Where It Started
As IT Manager at a distribution company, I moved the first workloads to AWS: S3 for static hosting and off-site backups, CloudFront for content delivery, CloudWatch for monitoring. Basic but effective -it replaced single-site risk with reliable cloud storage and cut page load times for a geographically distributed customer base.
Initial stack: S3, CloudFront, IAM, CloudWatch, lifecycle policies for cost control, automated backup uploads from on-premises systems. Restore procedures tested and documented.

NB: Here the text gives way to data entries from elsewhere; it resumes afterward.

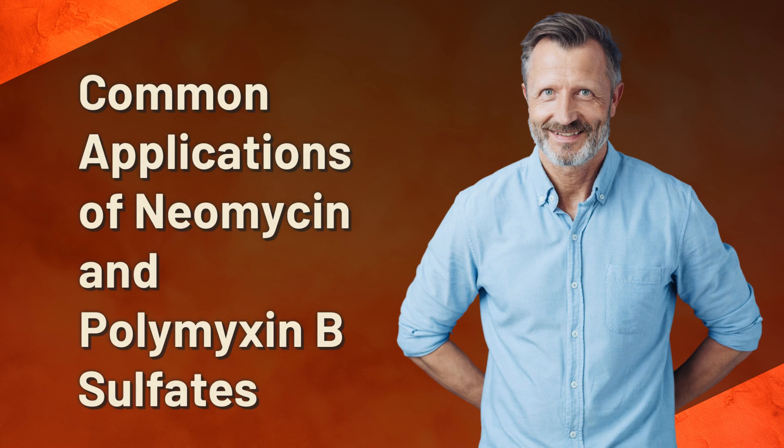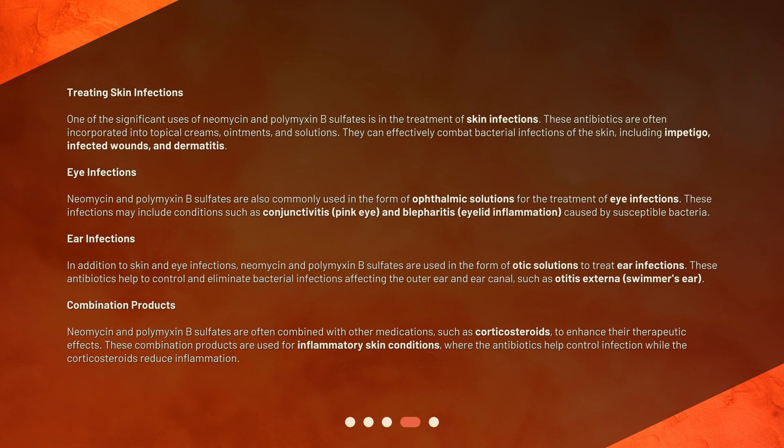Common applications of neomycin and polymyxin B sulfates. Treating skin infections — one of the significant uses of neomycin and polymyxin B sulfates is in the treatment of skin infections. These antibiotics are often incorporated into topical creams, ointments, and solutions. They can effectively combat bacterial infections of the skin, including impetigo, infected wounds, and dermatitis.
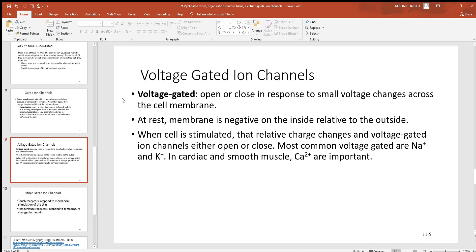There are also voltage-gated channels — proteins with gates that open or close in response to voltage changes. You move those ions and swap those charges, and you can open up these voltage-gated channels. So the different types of ion channels are: non-gated leak channels that are always open; ligand-gated channels that only open or close in response to a chemical signal binding to them; and voltage-gated channels that open or close in response to voltage changes from moving ions and creating electric signals. All of these are used in many different cells for many different reasons.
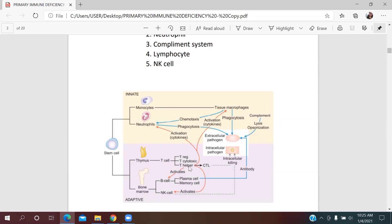Helper 1 T cells activate cytotoxic T cells, macrophages, and B cells to kill the pathogen. After B cell activation, it differentiates into plasma cells, which release antibodies to kill the pathogen. Helper 2 cells favor the humoral response with IgM, IgA, and IgE by producing anti-inflammatory cytokines. Helper 17 cells play an important role in tissue inflammation and epithelial defense against fungal and bacterial infections.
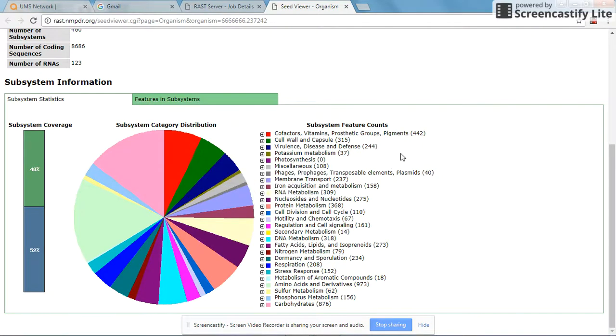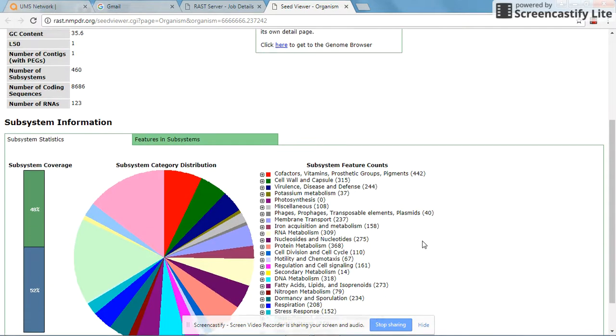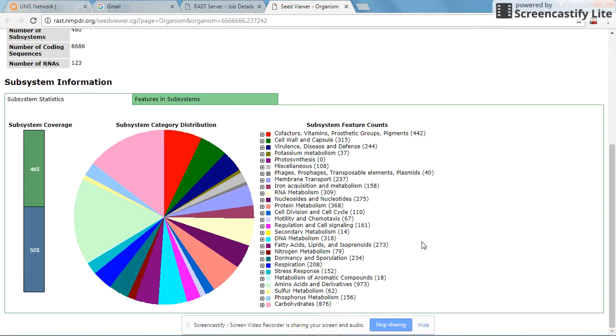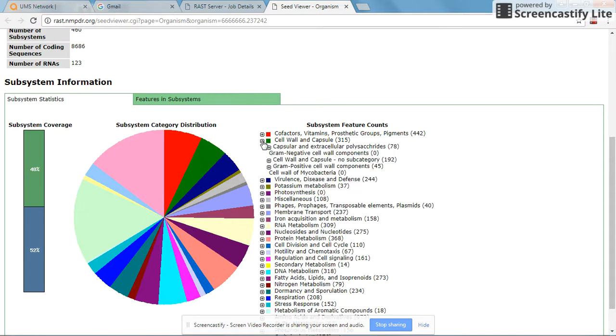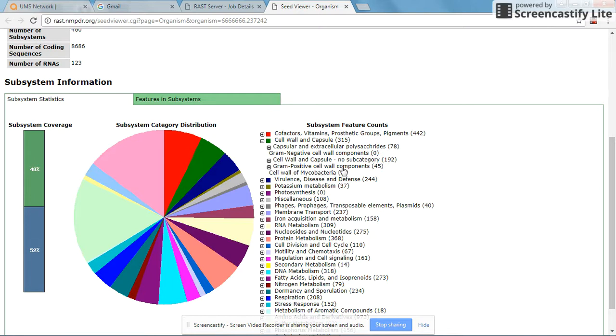This is a graphical representation of the genes which are distributed by category. They are distributed according to their metabolic pathways as well as their functional relationship with the bacterial cell. The first thing I look for is the cell wall and capsule.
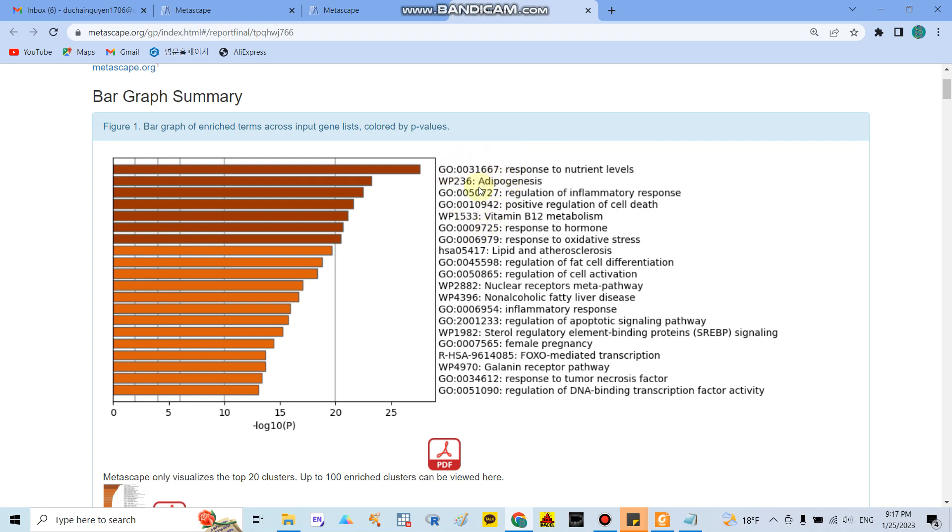They said that the GO term responds to nutrient levels, adipogenesis, or regulation of inflammatory response related to obesity and curcumin.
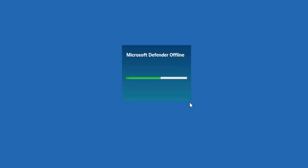It's now initializing Microsoft Defender offline which is going to do a scan of the computer whilst Windows isn't running to try and get to that virus and kill it.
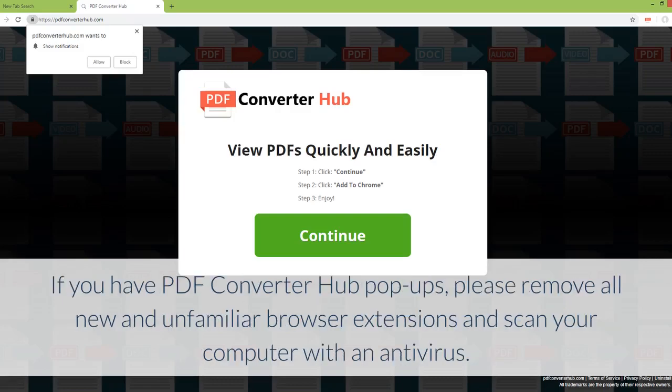If you have PDF Converter Hub pop-ups, please remove all new and unfamiliar browser extensions and scan your computer with an antivirus.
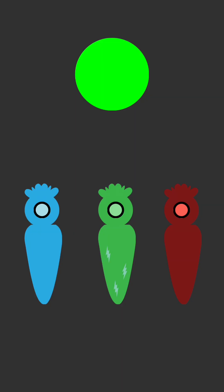Staring at something for too long can tire out the corresponding cone cells. For example, staring at the green circle tires out the green cones so they are less capable of activating.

That was the foundation. The scope has expanded significantly since.
What It Looks Like Now
The infrastructure behind glyph.sh is a good example of where things stand today. It’s a fully serverless architecture on AWS:
Compute & API:
- Lambda functions handling backend logic
- API Gateway for RESTful endpoints
- Lambda@Edge for request/response manipulation at the CDN layer
Storage & Data:
- S3 for static assets and hosting
- DynamoDB for structured data
- CloudFront for global content delivery with custom cache behaviors
Networking & DNS:
- Route53 for DNS management
- ACM for SSL/TLS certificates
- WAF rules protecting API endpoints and blocking malicious traffic
Monitoring & Cost:
- CloudWatch dashboards, alarms, and log aggregation
- Budget alerts and cost allocation tags
- Infrastructure defined in code for repeatable deployments
Results
- Sub-second API response times through Lambda and API Gateway
- Global content delivery via CloudFront with edge caching
- Monthly cost around $15-20 for the full stack including security services (GuardDuty, Security Hub, CloudTrail) - serverless means paying only for what runs, and security monitoring accounts for most of the bill
- 99.9%+ uptime without managing a single server
- WAF blocking malicious requests before they reach application logic
- Zero-downtime deployments through infrastructure automation
The Progression
The jump from “S3 bucket for backups” to “serverless application with edge computing” didn’t happen overnight. Each project added services and forced deeper understanding of how AWS pieces fit together. Writing IAM policies that actually follow least privilege. Configuring DynamoDB capacity modes for cost vs. performance tradeoffs. Getting Lambda@Edge functions to behave correctly in CloudFront’s execution model.
Every service I’ve deployed is one I’ve configured, debugged, and run in production.